It's not just Agile projects that need to watch out for the Toy Shop. But especially Agile developers should be heavily aware of the dangers of letting your users into the Toy Shop.
What Toy Shop? The Toy Shop of all the beautiful things that you could do for your users. We all know that given time, you can make whatever is needed. You're a skilled software developer, and your team can produce anything. You are flexible and good at your work. So, you invite some users and show them what technology can do for them these days. They get all excited and start dreaming about all these exciting new functionalities and how brilliantly they could use that in their work.
After some time, your limbic system begins to activate the defensive systems of your body. In defensive mode, you try to point out to the users that of course you cannot implement everything: it would cost years of work for the whole team, and you need to do lots of other work too. Sure, the users understand. But their limbic system is also activated by now, albeit in another mode. At the end of the meeting, everybody goes their way. The developers already have a feeling of helplessness ('so much work, so little time'). The users, well, it depends. If you're lucky they have experience with this sort of meetings and have developed a skeptic attitude ('we never get what we want anyway'). Even worse is if the users go away in an enthusiastic state ('wow, that looks good!').

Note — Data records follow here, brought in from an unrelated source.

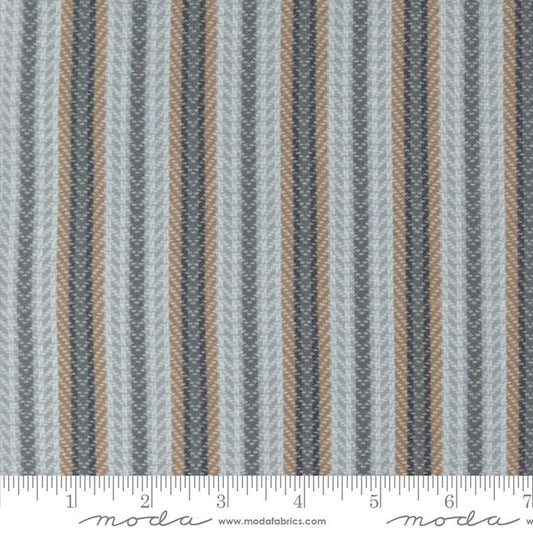 Farmhouse Flannel 3- Pewter Blanket Stripe Flannel: Sold by the 1/2 yard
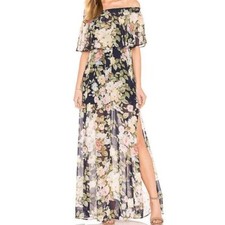 Show Me Your Mumu Hacienda Maxi Dress Sz Medium Party Blossom Blue Off Shoulder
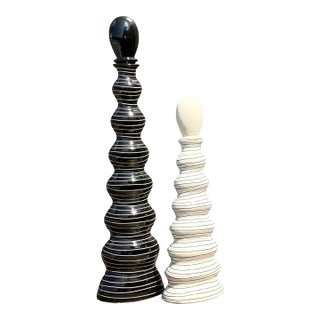 Vintage Tall Striped Studio Pottery Vases - Set of 2 For Sale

The next months you experience the true kick back of this meeting. Whenever you deliver something, the users are visibly disappointed with such a basic, un-slick product. You worked your butt off, and all they can think of is that they would want much better stuff. This demotivates both your team, and the users. Being professionals, your team finishes the project with things that are OK, and better than anyone would have thought at the start of the project. But by then, your good developers are leaving ('bloody spoiled users here') and users are grumbling ('as always, we get the inferior stuff'). Management says the project hasn't failed but there will be no extension.
There is BTW an alternative route: this is when y'all are not so good developers after all. In such environments you see nice screen shots appear in project meetings. Many of the toys seem to be made! Unluckily, when it comes to delivering the actual software, for some reason the 95% ready state remains 95% ready - indefinitely.
Agile needs lots of communication with users. Guided communication. No toy shops. Limit brainstorming to what you need to know. As soon as your users start moving in the direction of the toy shop (or worse, come to you with their shopping lists), stop them in any way you can. It's hard to find anything more demotivating for both developers and users than the effects of the Toy Shop.